With Stevens’ bid for re-election looming, his possible freedom at stake and his desire for a speedy trial, KTUU felt the trial was too important to not have a hometown crew covering it.
Their daily coverage involved many 15-hour days.
Burke said: “I don’t think most people outside the industry realize the logistical challenge the story posed for us. Not only were we covering the full day’s proceedings, but we had to get back to the studio to write, voice, edit, feed and then front our stories for evening news broadcasts back in Anchorage. We didn’t have field producers or a support crew. We were it: a two-person team doing the best we could.”

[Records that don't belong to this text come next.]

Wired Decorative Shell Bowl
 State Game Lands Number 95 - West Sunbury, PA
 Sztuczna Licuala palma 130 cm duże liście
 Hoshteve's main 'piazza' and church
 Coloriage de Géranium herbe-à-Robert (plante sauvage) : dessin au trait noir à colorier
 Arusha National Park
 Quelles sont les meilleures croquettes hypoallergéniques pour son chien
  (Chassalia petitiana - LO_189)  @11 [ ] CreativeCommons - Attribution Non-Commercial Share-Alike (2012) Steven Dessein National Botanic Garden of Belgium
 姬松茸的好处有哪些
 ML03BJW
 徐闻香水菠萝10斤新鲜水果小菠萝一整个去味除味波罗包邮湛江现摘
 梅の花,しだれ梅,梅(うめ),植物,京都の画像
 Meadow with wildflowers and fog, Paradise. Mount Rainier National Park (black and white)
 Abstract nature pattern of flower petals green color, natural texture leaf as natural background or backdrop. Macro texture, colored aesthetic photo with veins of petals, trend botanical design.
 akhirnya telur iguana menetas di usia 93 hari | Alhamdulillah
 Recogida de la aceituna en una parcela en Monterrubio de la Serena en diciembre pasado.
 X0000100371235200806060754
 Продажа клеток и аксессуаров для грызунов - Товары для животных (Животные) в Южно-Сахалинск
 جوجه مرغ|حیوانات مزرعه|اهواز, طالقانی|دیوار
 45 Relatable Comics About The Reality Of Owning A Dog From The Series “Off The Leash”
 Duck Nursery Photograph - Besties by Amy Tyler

Hall added: “We took the coverage very seriously, and I think Alaskans know that we understood how important that story was to them, given the resources allocated for the coverage. We could have made the decision to rely on wire reports, or hire fill-in crews, but KTUU was willing to make the investment to support this kind of project.”
Judges praised Burke for making a complicated legal case understandable. “She explained the legal issues, condensed days of testimony into easy-to-understand and concise reports. They met the challenge of creating video where there was none. This kind of commitment is to be awarded, and it encourages others to keep the public informed.”
Burke said: “This is the kind of in-the-trenches journalism that we feel the public deserves. It’s our job to be there when they can’t be, to be their eyes and ears and to contribute to their understanding of people and events to the best of our capability.”